The decline began around the mid-80s after then-President Burnham passed. On the popular cultural ground began a copycat of standards imported from Jamaica. Sound systems inserted themselves as a cheaper alternative to bands. They promoted themselves through the ‘Bubble Sessions’ that offered more wine and grind hysteria than dance. There was no talent development as with the bands, though the DJ would emerge as a feature and we would begin to lose the ballad, blues and crooners. The standards shifted to either the Reggae or North American singers.

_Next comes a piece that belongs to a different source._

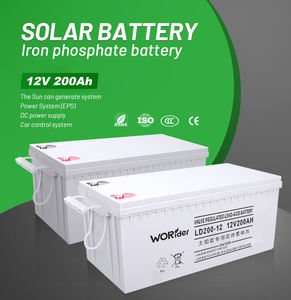 UPS 조명 전동 공구 가전 제품용 태양광 시스템용 12V 200Ah 딥 사이클 납산 습식 셀 배터리 AGM - Product Image 2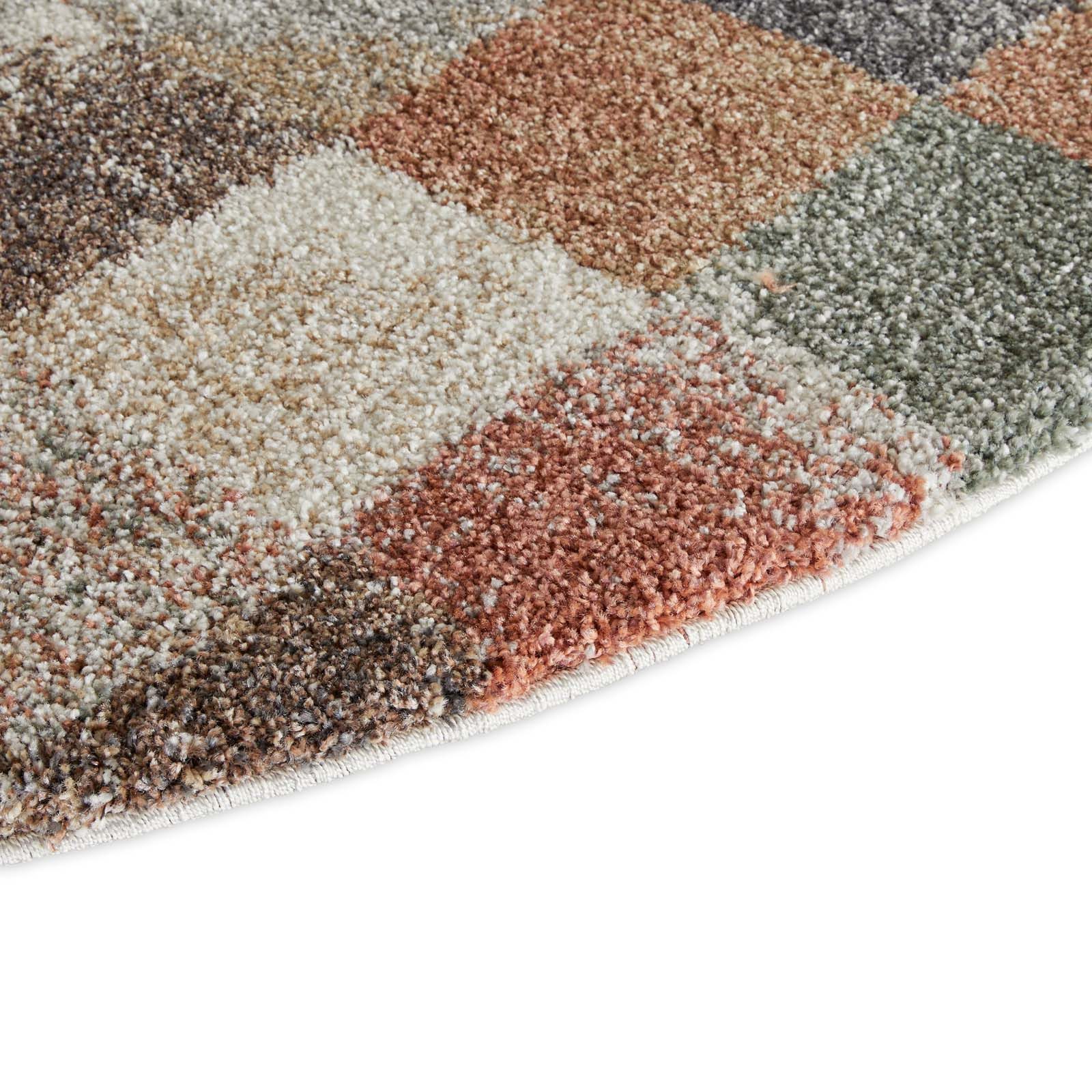 TaraCarpet Teppich Tara Carpet Berber Karo, rund, Höhe: 27 mm, rund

Though the Sound systems in Jamaica served a different purpose, to quote: “The prime function of the deejay is to enhance the rhythm and encourage the customers to dance to it. In a sense, the Jamaican deejay acts as a literal talking drum. He chants rhythmically along with the record, generally entering on anticipatory beats and keying his phases to rhythms and syncopations based on sixteenth notes.” Reggae International. This is not what we copied, this experiment was otherwise conducted in Guyana by singers in our popular bands with their renditions of songs, with the Guyanese bands lay the development and conduit of interpretations and of original music. The deejays we knew, played music to a ritual of moods, offer appealing anecdotes in relation to the atmosphere created by the music, while the copied Jamaican deejay is based vaguely on the musical style of Dennis Al Capone and the Big Youth era, and is still to develop a local expression of a relationship with the rhythm and added poetic lyrics to enhance the cover song or track enough to compete on stage accompanied by talented musicians. Major Joby, Buster and the late Troy C, had mastered that.

This article was inspired by a conversation I recently had in the Bank with Trevor Rogers, a talented musician, on the wasted talents and the prospects for musicians and their passions. I concluded a long time ago that we can always stimulate new talent, but the bell around the cat lies with inspiring fruitful careers and holding a respected niche in the earning economy.